Yahya Jammeh
Gambia's long-time president Yahya Jammeh was defeated by President-elect Adama Barrow in the 1 December 2016 presidential election, but there are increasing signs that he may attempt to stay in power Issouf Sanogo/AFP/Getty

Amid increasing uncertainties Gambia's incumbent President Yahya Jammeh will step down at the end of his mandate on 19 January, the country's army chief has reaffirmed his loyalty to Jammeh.

Jammeh was defeated by Adama Barrow in the 1 December election, but reversed his position on 9 December and rejected the election results.

With Jammeh vowing to stay in power despite losing the election, West African regional bloc Ecowas threatened to stage a military intervention to unseat the head of state if he refuses to leave office later this month.

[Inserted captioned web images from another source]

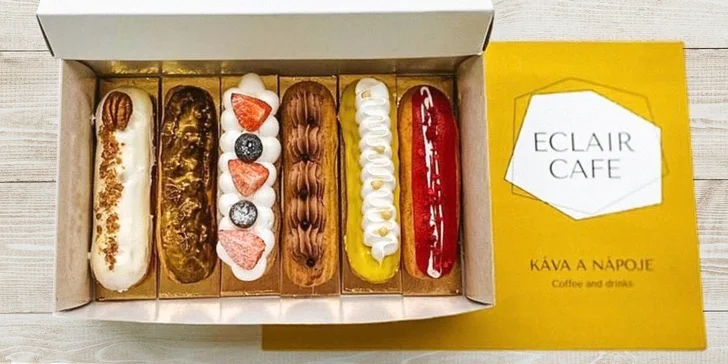 Originální zákusek podle výběru z 10 druhů a horký nápoj v kavárně Eclair pro 1 či 2 osoby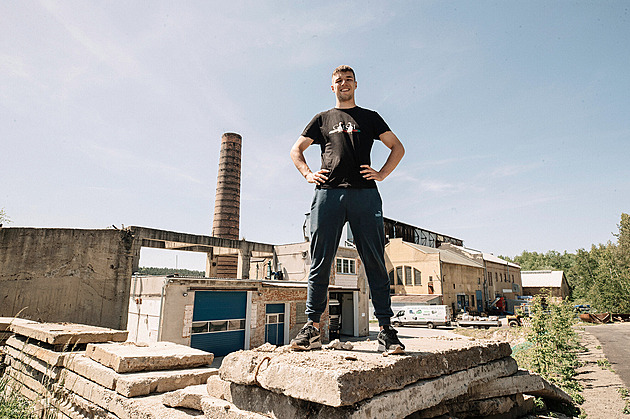 S fotbalistou v dole aneb Gabrielův svět. Proč plní krmítka a chodí na brigády?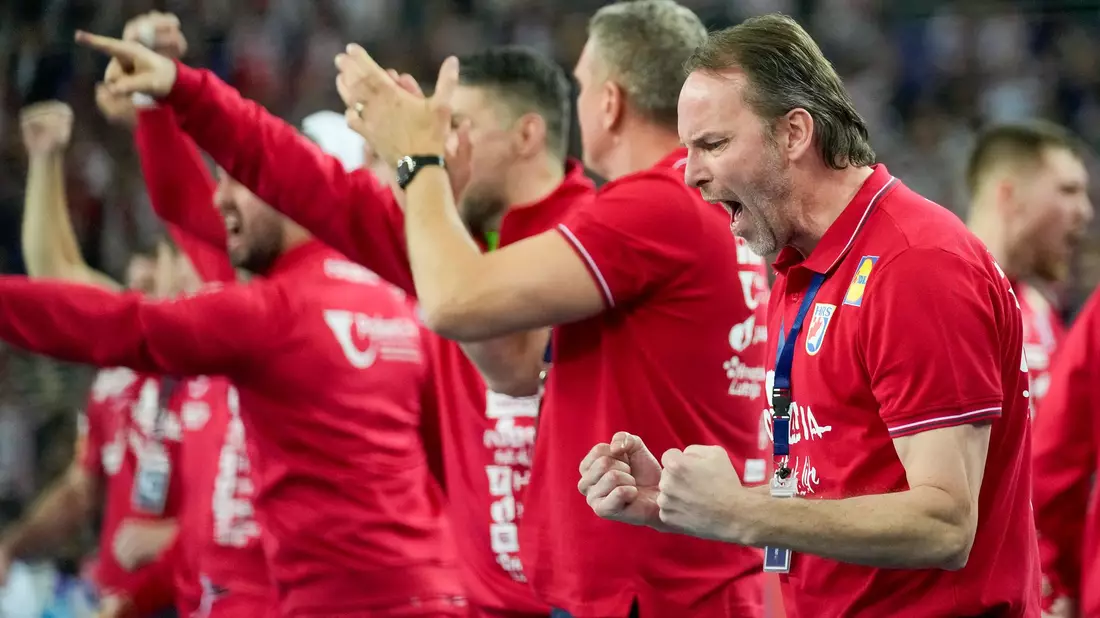 Marin Jelinic spielt mit Kroatien um die Goldmedaille bei der WM.  - Bild: Darko Bandic/AP/dpa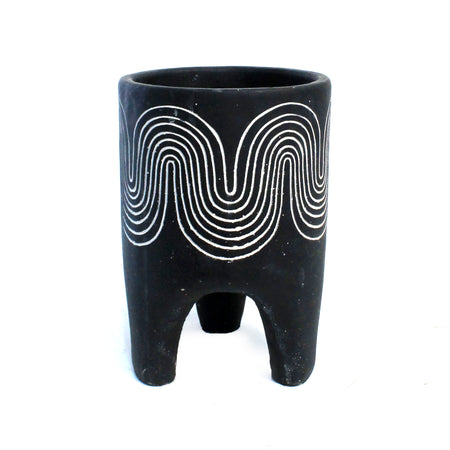 Pot On feet Black 14x 21cm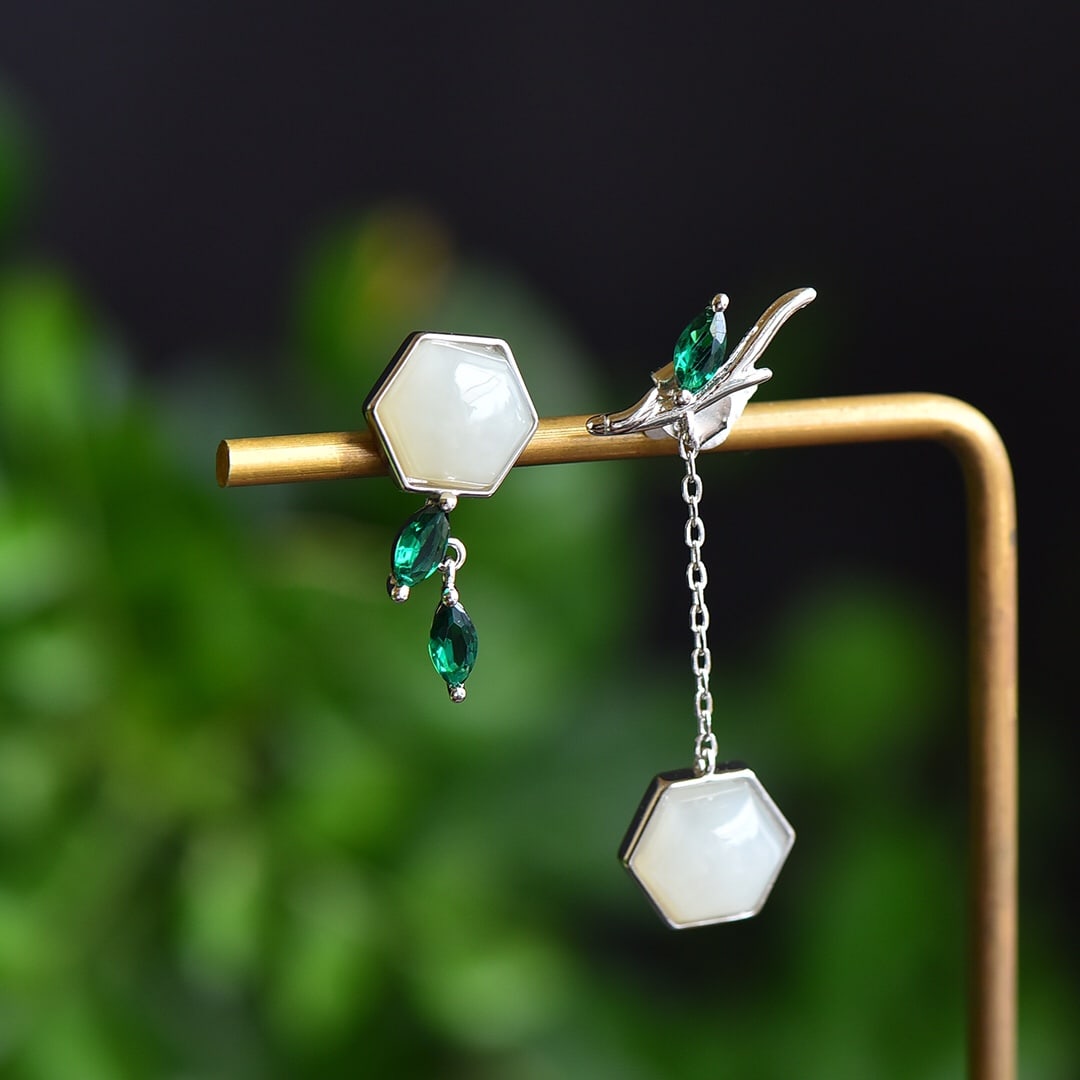 A Pair of Exquisite Sterling Silver Inlaid White Jade Earrings: A Pair of Exquisite Sterling Silver Inlaid White Jade Earrings, 一对纯银镶白玉耳环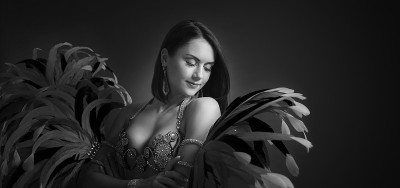 美丽的女人穿着狂欢节的服装，戴着羽毛和人造钻石。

On 4 January, Chief of Defense Staff Lieutenant General Ousman Badgie reaffirmed his loyalty to President Jammeh in a letter he wrote to the pro-government Daily Observer newspaper.

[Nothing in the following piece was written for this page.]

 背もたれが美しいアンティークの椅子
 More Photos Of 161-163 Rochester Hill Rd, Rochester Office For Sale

"May I please seize this opportunity to renew to your Excellency the assurance of the unflinching loyalty and support of the Gambia Armed Forces [GAF]," he wrote.

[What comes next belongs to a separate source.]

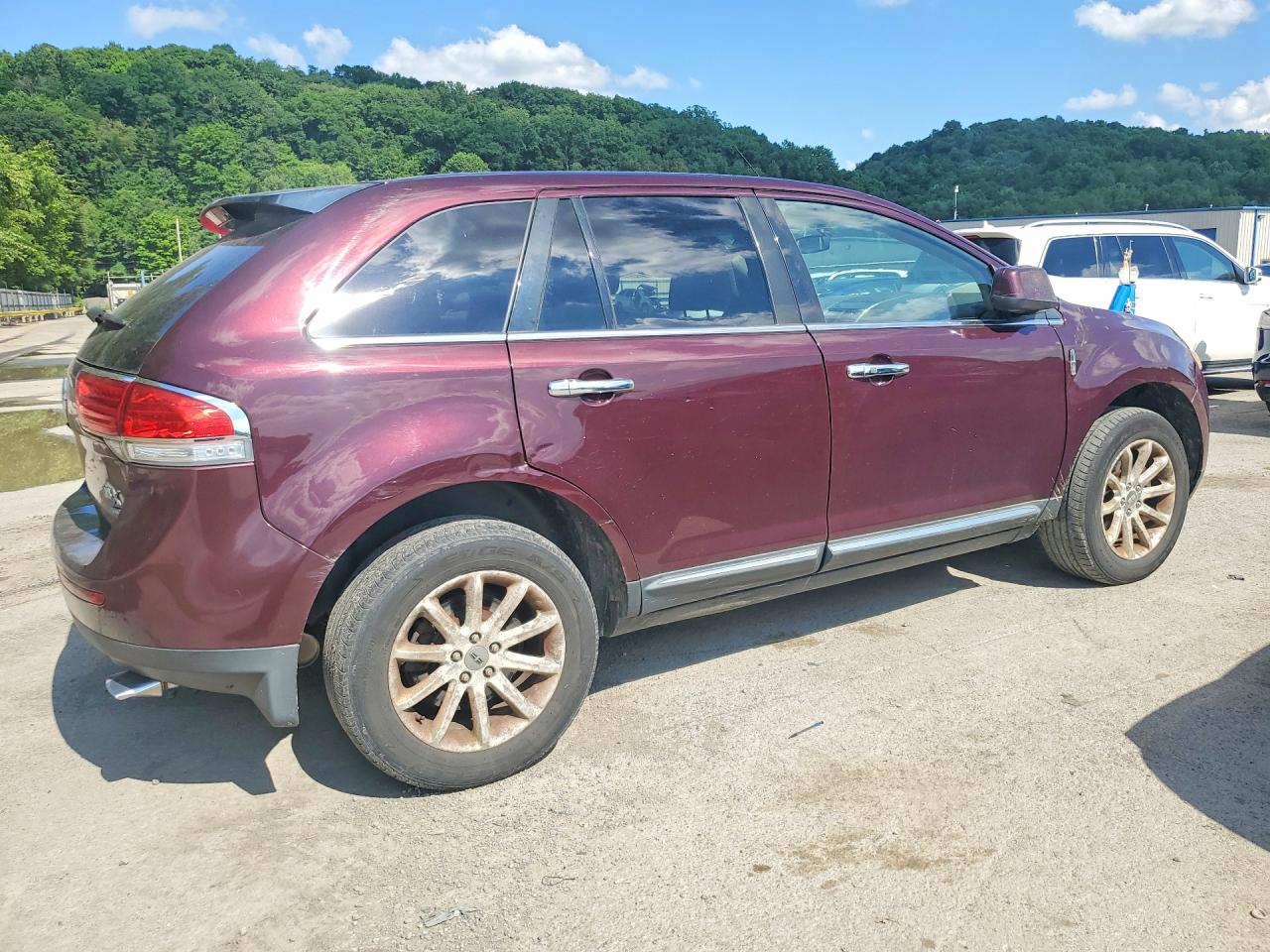 2011 Lincoln Mkx Burgundy vin: 2LMDJ8JKXBBJ13484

His letter continued: ''Please permit me to commend you for your demonstrated personal commitment to The Gambia Armed Forces which is guided by your vision of making The Gambia Armed Forces not only as one of the most developed armies but that which is second to none in the world,."

As Gambia reached a political stalemate, Ecowas leaders on 23 December said troops in neighbouring Senegal were ready to intervene. "We have put standby forces on alert if he does not [step down] on January 19 when his mandate ends," Ecowas commission president, Marcel de Souza said. "No one has the right to oppose the will of the people."

Jammeh this week threatened to use Gambia's own military apparatus to combat Ecowas' troops, saying any deployment would constitute an "act of war". Commentators have previously said that Jammeh's chances of clinging to power would be significantly reduced if the army chief switches loyalty.

There have been increasing signs that, in an attempt to stay in power, Jammeh has further muzzled the media by closing down three private radio stations this week.

On 3 January, it was reported that Gambia's electoral commission chairman, Alieu Momar Njai, fled the country following the threats he received after declaring Jammeh the loser.